(Collection entries)
######
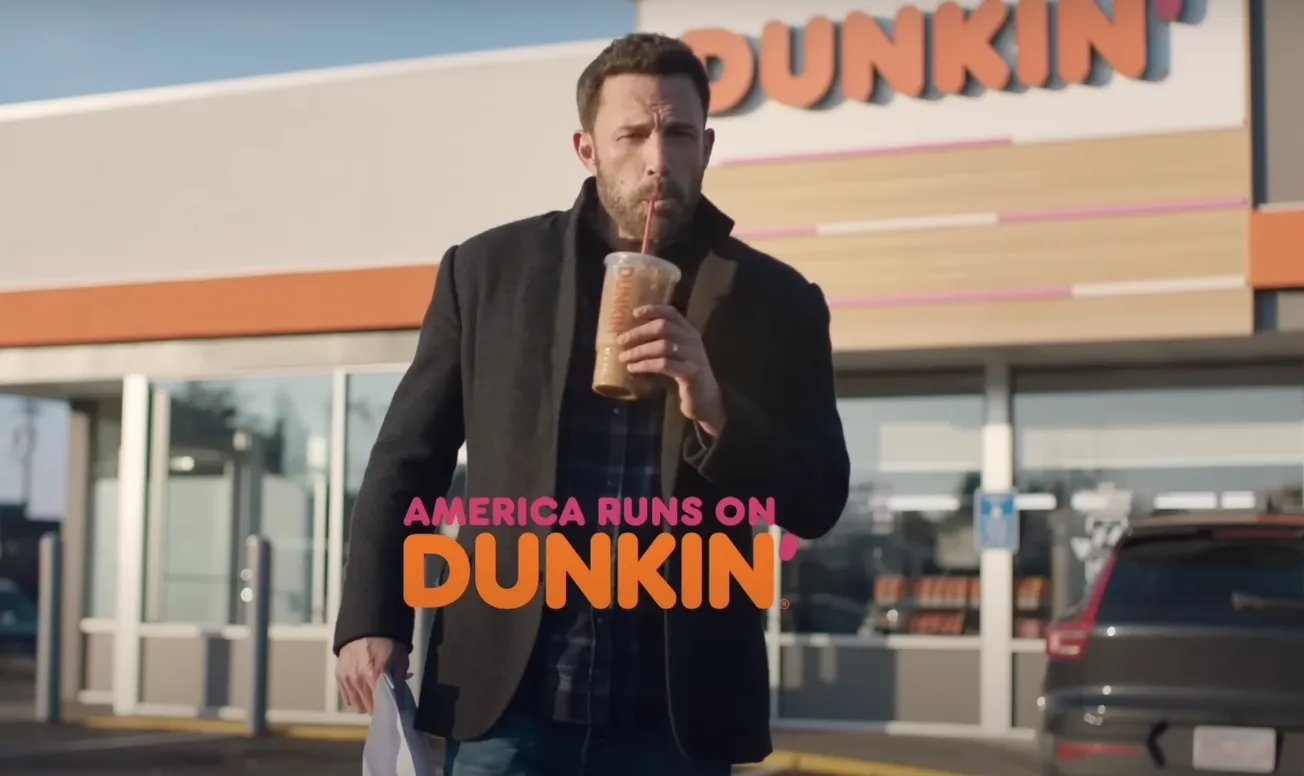 Foto. Dunkin
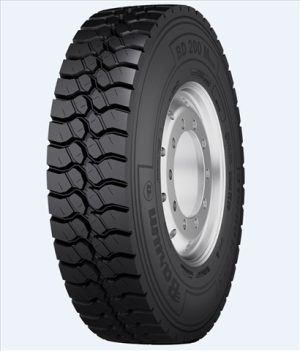 Anvelopa vara BARUM BD200M 315/80R22.5 156/150K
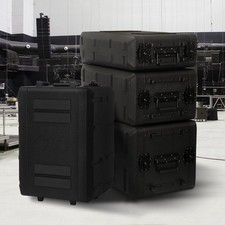 6U Rack Case Shallow 16"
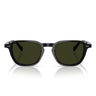 Oliver Peoples Occhiali da Sole OV5598SU 1731P1 Emryn Nero Verde G-15 Unisex Polarizzati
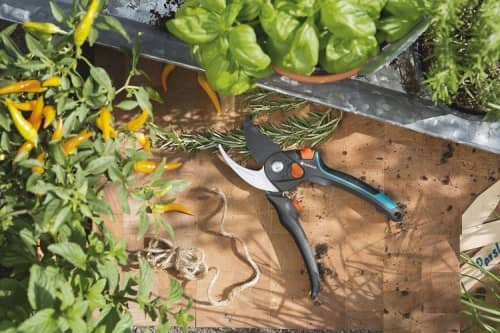 Купить Секатор Gardena B/S-XL Comfort 08905 по низкой цене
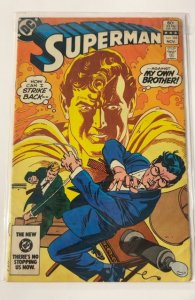 Superman #389 Direct Edition (1983)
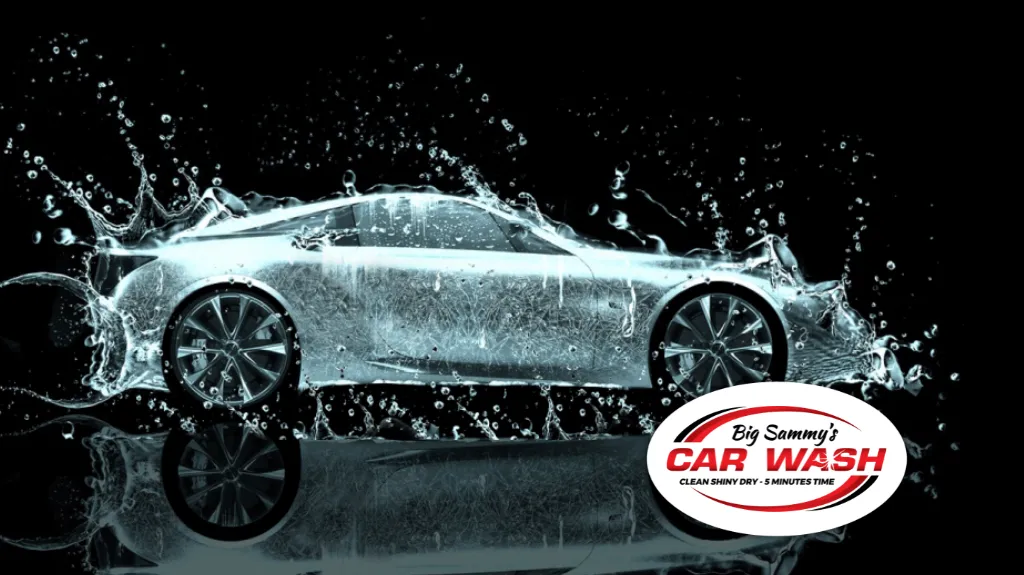 Big Sammy's Car Wash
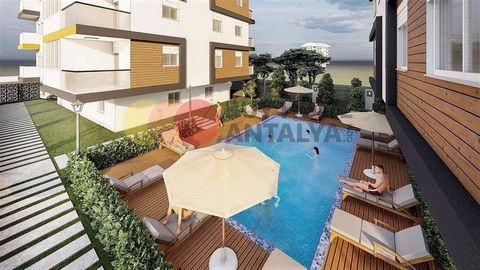 In Muratpaşa, the most central residential area of Antalya, a brand new life that can be sustained in summer and winter equipped with the living norms of the future is waiting for you. Our apartments for sale are located in the Sinan neighborhood, wh...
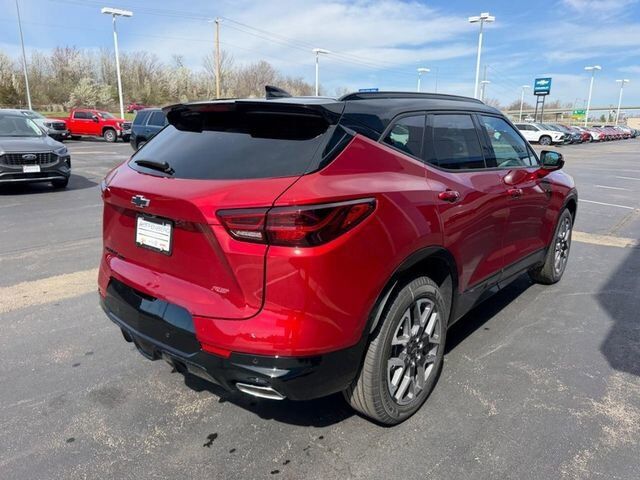2026 Chevrolet Blazer RS Farmington MO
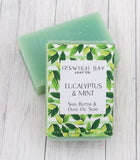 Dog Soap Bar Eucalyptus & Mint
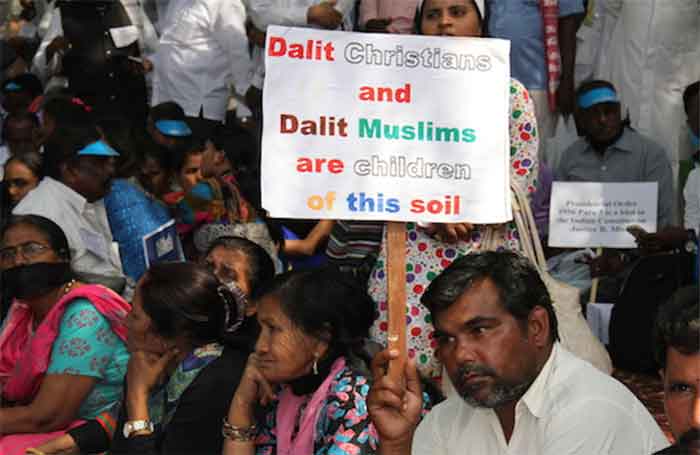 dalit christians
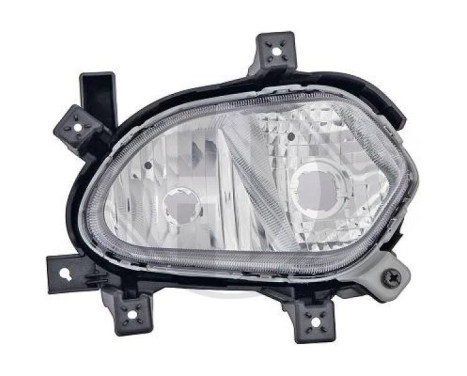 Fog lamp 6554089 Diederichs, Image 2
######
Work to complete – I'd like the records above given again exactly, please, without the pictures.

Answer to this exercise –
 Foto. Dunkin
 Anvelopa vara BARUM BD200M 315/80R22.5 156/150K
 6U Rack Case Shallow 16"
 Oliver Peoples Occhiali da Sole OV5598SU 1731P1 Emryn Nero Verde G-15 Unisex Polarizzati
 Купить Секатор Gardena B/S-XL Comfort 08905 по низкой цене
 Superman #389 Direct Edition (1983)
 Big Sammy's Car Wash
 In Muratpaşa, the most central residential area of Antalya, a brand new life that can be sustained in summer and winter equipped with the living norms of the future is waiting for you. Our apartments for sale are located in the Sinan neighborhood, wh...
2026 Chevrolet Blazer RS Farmington MO
 Dog Soap Bar Eucalyptus & Mint
 dalit christians
 Fog lamp 6554089 Diederichs, Image 2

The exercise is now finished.